● **DATA SEGMENT**
*** Block opens ***

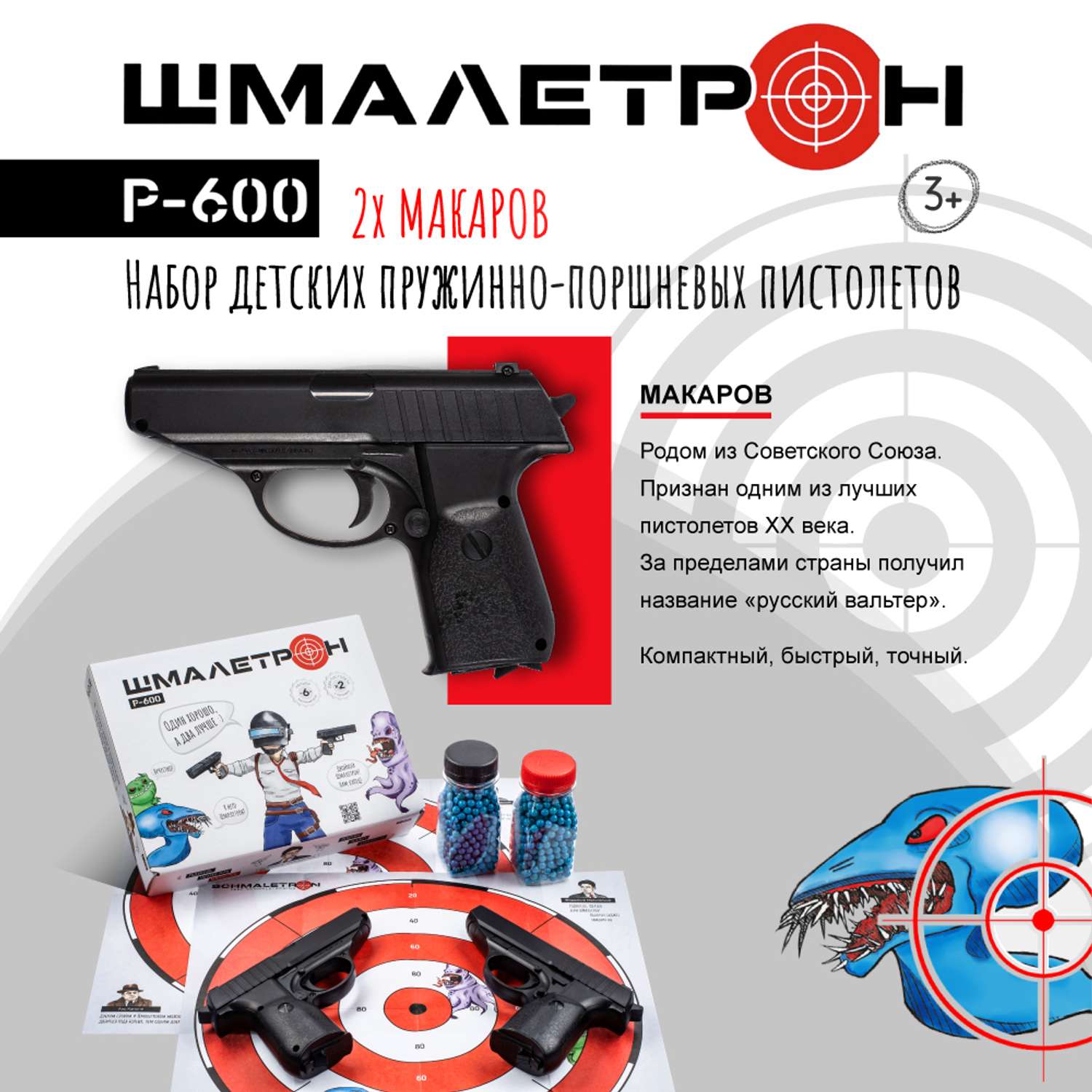 Игрушечное оружие Шмалетрон ДВА пистолета Макарова с 1000 пулек - фото 3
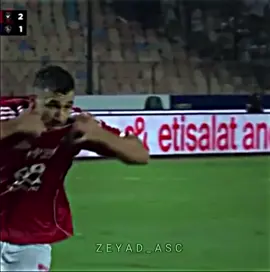 عالمي ي تريزجيه 😍❤️#الاهلي #الاهلي_فوق_الجميع🦅 #الاهلي_عشق_لا_ينتهي🦅❤🔥 #zoz_Elkady #team_rm7🦸🏻‍♂️👑 الاهلي والزمالك 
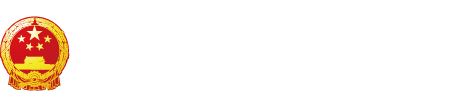 艹粉嫩的b"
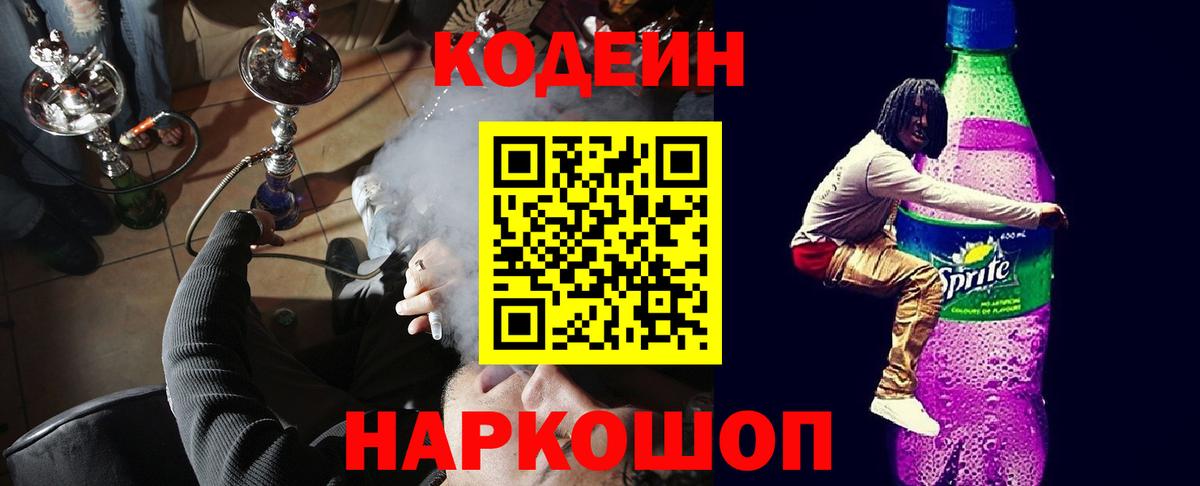Codein Purple Drank Чистополь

*** Block closes ***

A verbatim copy of the listing, with all pictures removed, is required.

 Игрушечное оружие Шмалетрон ДВА пистолета Макарова с 1000 пулек - фото 3
 عالمي ي تريزجيه 😍❤️#الاهلي #الاهلي_فوق_الجميع🦅 #الاهلي_عشق_لا_ينتهي🦅❤🔥 #zoz_Elkady #team_rm7🦸🏻‍♂️👑 الاهلي والزمالك 
 艹粉嫩的b"
Codein Purple Drank Чистополь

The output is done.